## Data
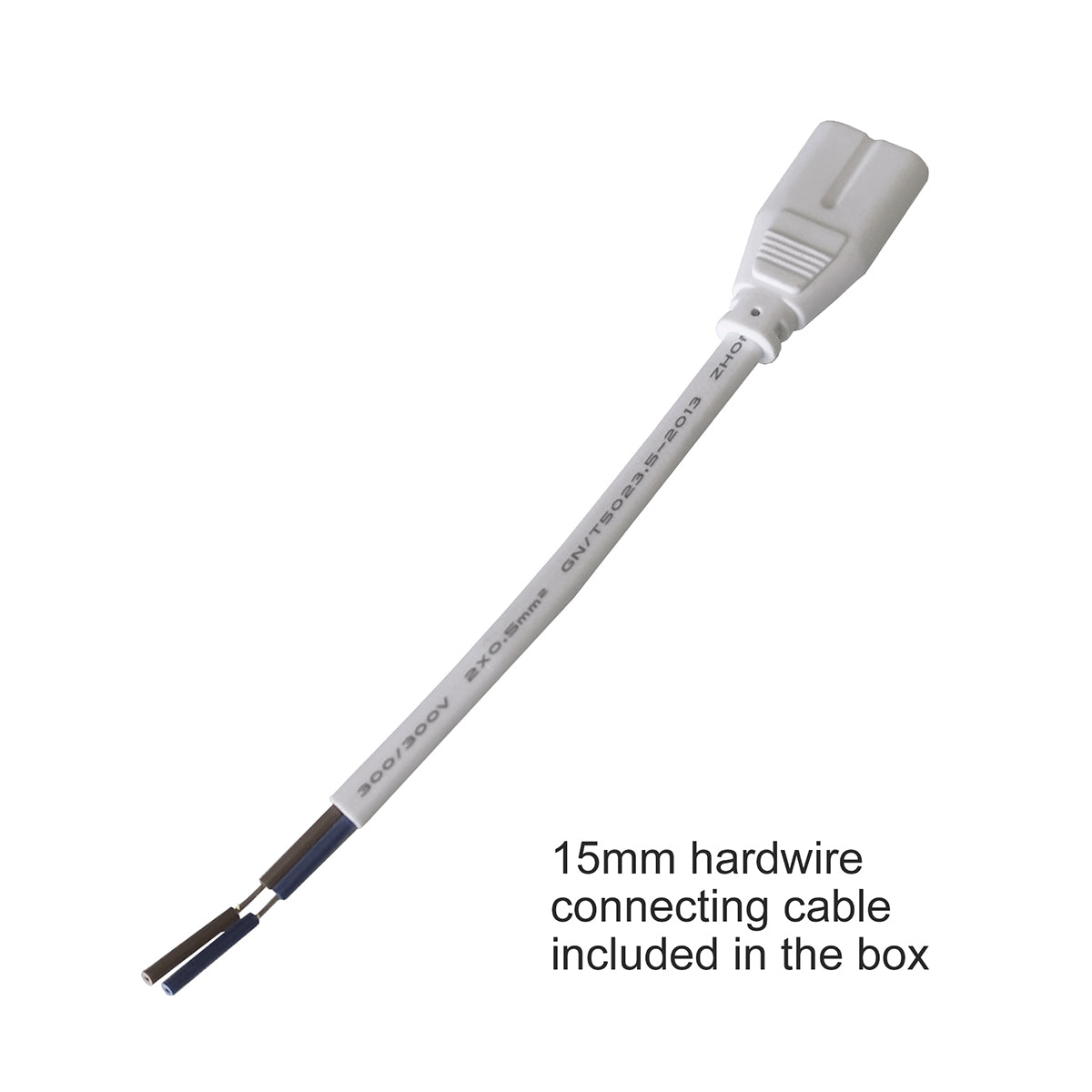 Linkable Led Slim F&P 2 Pin 1.2M Cable For Linktri Series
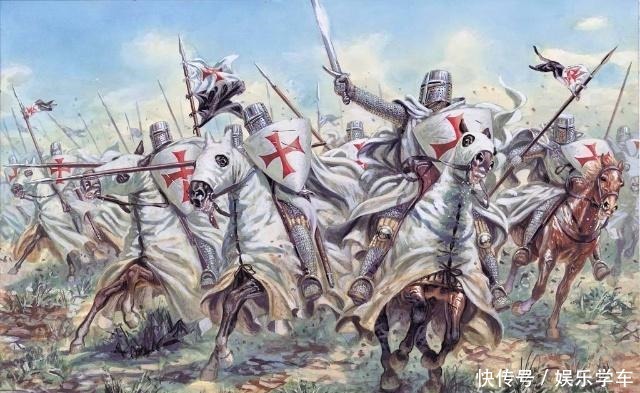 邪恶|教皇说十字弓是邪恶武器，结果却让欧洲骑士惨遭蒙古大军疯狂屠杀
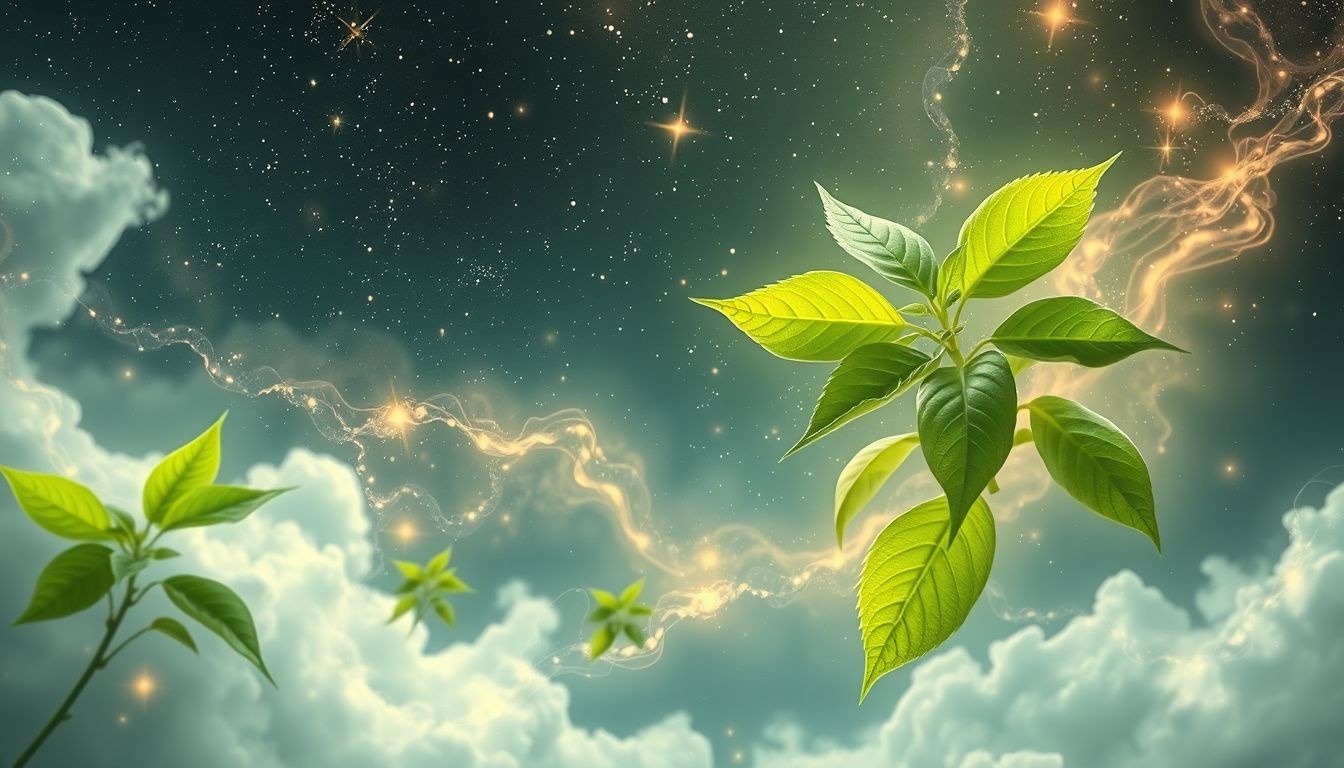 Basilicum in rituelen symboliseert bescherming en zuivering van energie.
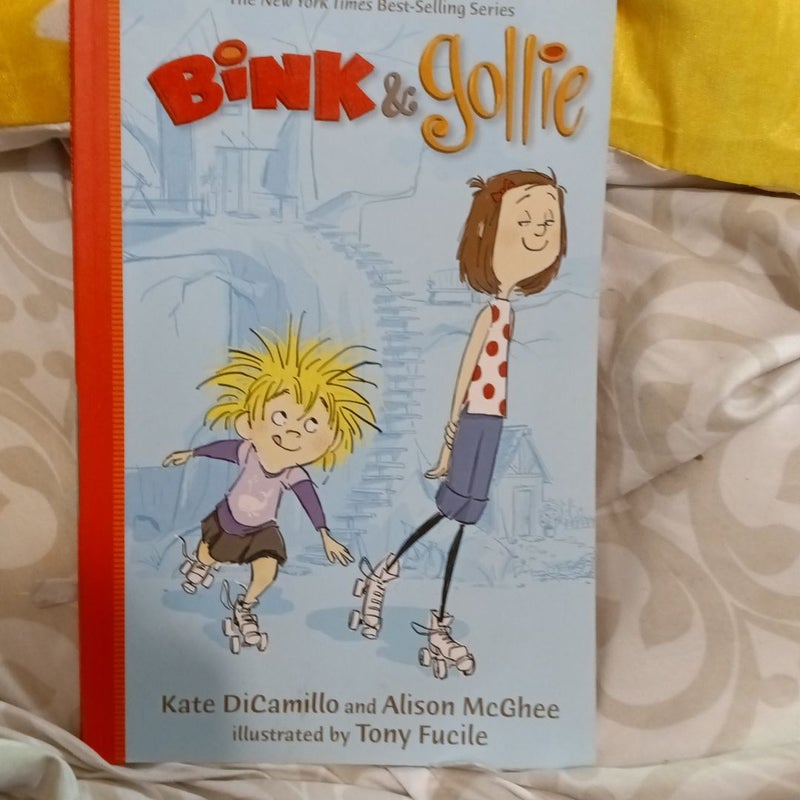 Bink and Gollie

## Work instructions
Write every line above out again exactly; pictures do not belong in the copy.

## Task output
 Linkable Led Slim F&P 2 Pin 1.2M Cable For Linktri Series
 邪恶|教皇说十字弓是邪恶武器，结果却让欧洲骑士惨遭蒙古大军疯狂屠杀
 Basilicum in rituelen symboliseert bescherming en zuivering van energie.
 Bink and Gollie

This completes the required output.